Ah but the crying!  Was it that I cried?
This is no longer I:  I am the pain
folding this wrenched and weaving body of 
an unknown woman, crying.  Oh thick harsh
anguish of the cries!  Now.  Could I save her,
out of the beating space about us, watching,
enemy: rolling the atrocious quern
of her torn body, and her staring thought.
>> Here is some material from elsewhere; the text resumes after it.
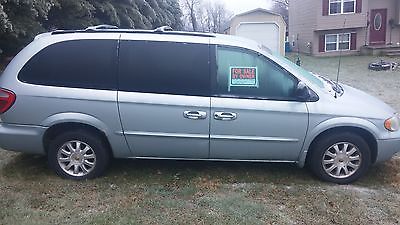 2002 Dodge Grand Caravan  2003 Chrysler Town and Country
No longer I; I could not endure...

Then passive suffering without thought; the patience
of animals.  Long inarticulate pain:
pain like a wheel; red armour of the last
explosive swallowings into birth.  Then only
an emptiness - such fierce and long reality
over - a lightness; and no memory.
Smooth with accomplishment, inert, she lay 
and was a cool bed newly made: for it
was she brought helpless to the foreign air,
wailing: she had been born.  The child was she.
He had come through the portal she alone
bore, among mothers: the last pang of birth
her bridal stab - closing one circle in
one point.  She dared not look to see what stain
or imperfection marred his body: God, 
her God, her child a monster, horrible.
Only believed him God, and waited for him.

And over his thin cry, the noise of angels.